Begitu pula pernikahan anak-anak lainnya di Lebanon yang banyak
terjadi di perdesaan. Kini Lebanon berusaha mengatasi masalah tersebut.
“Kami sedang menyusun rancangan pertama peraturan pernikahan bagi
anak-anak,” kata Sekretaris Jenderal Komisi Nasional Perempuan Lebanon,
Fadi Karam.
Saat ini, Pengadilan Agama mengatur masalah 18 sekte agama yang
diakui di Lebanon, termasuk mengenai penetapan batas usia dewasa.

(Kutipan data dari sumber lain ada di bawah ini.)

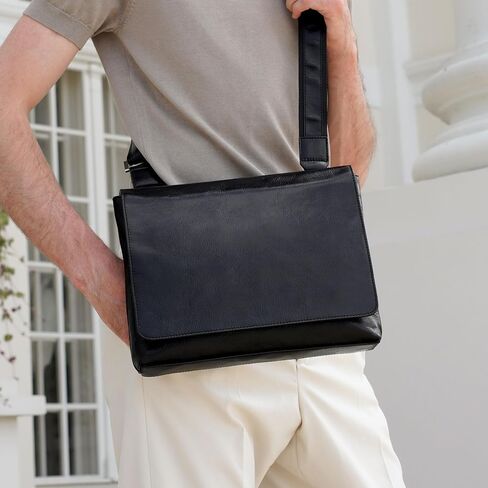 Time Resistance Leather Messenger Bag for Men - Crossbody Bag - Full Grain Leather - Tablet Sized Shoulder Bag in Kuwait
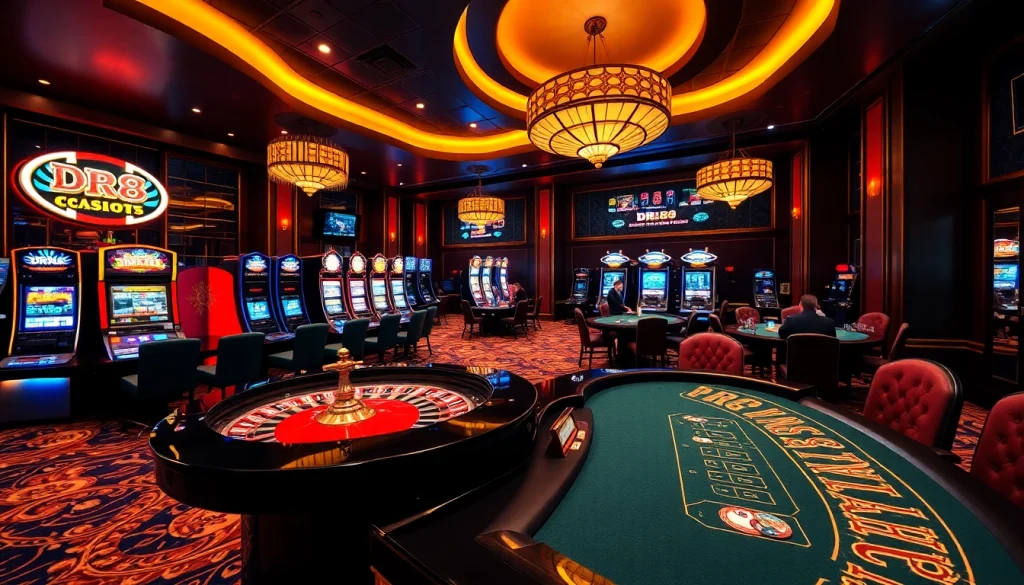 Engaging DR88 casino experience with vibrant tables, thrilling slots, and players enjoying their games.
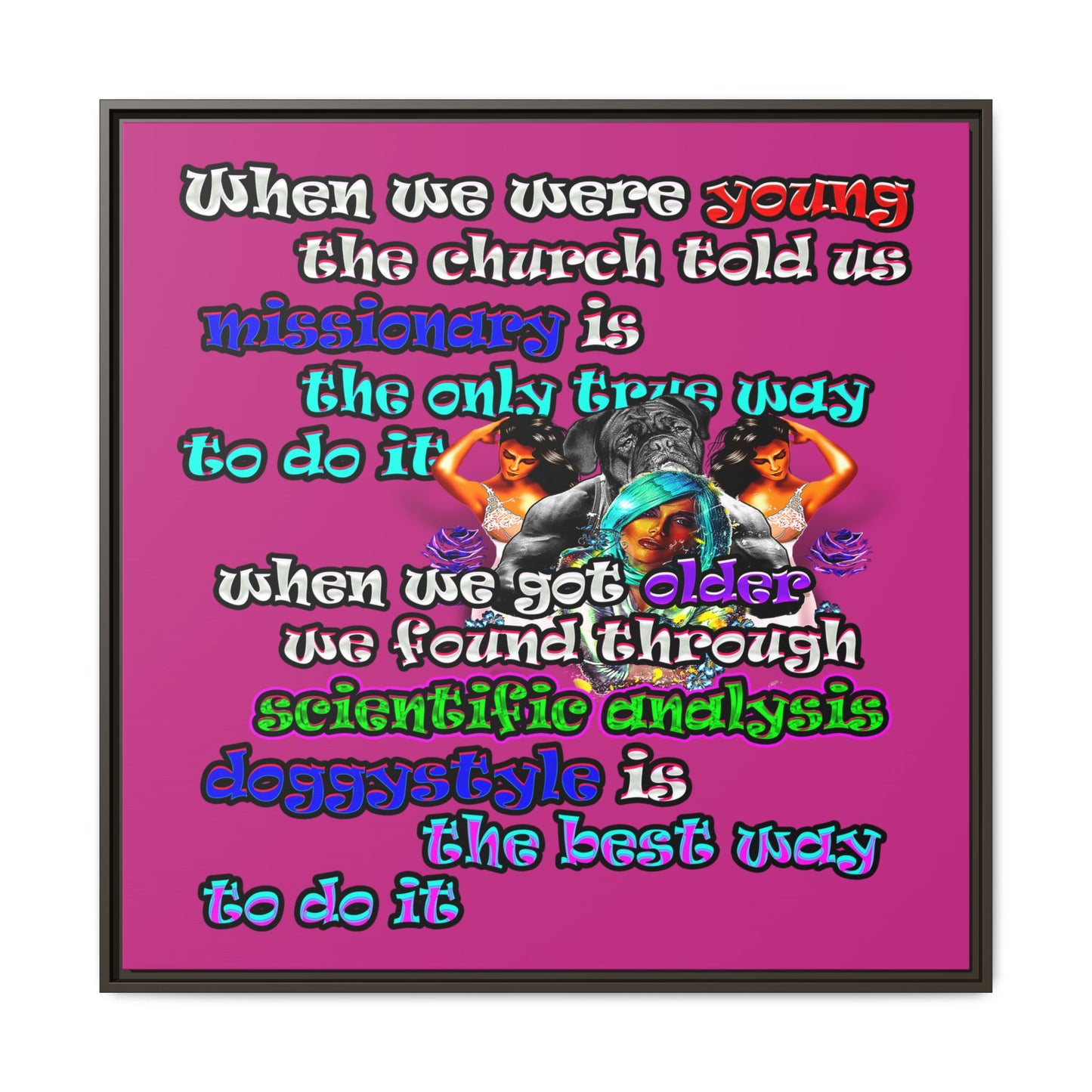 doggystyle - framed canvas art (pink)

Mempelai umur sembilan tahun Di kalangan kaum Muslim, usia dewasa
pada pria biasanya 18 tahun dan untuk perempuan antara 14 hingga 17
tahun. Tetapi ada juga yang menyebut 16-18 tahun untuk pria dan 14-18
tahun untuk perempuan.
“Tetapi keluarga bisa mendapat pengecualian dari pengadilan agama
untuk mengadakan pernikahan dalam usia yang lebih dini,” kata Karam.
Kaum Muslim bisa mengizinkan pernikahan seorang gadis paling muda umur sembilan tahun.
“Untuk memberikan perlindungan terbaik bagi anak-anak, harus ada penggabungan antara agama dan peraturan sipil,” kata Karam.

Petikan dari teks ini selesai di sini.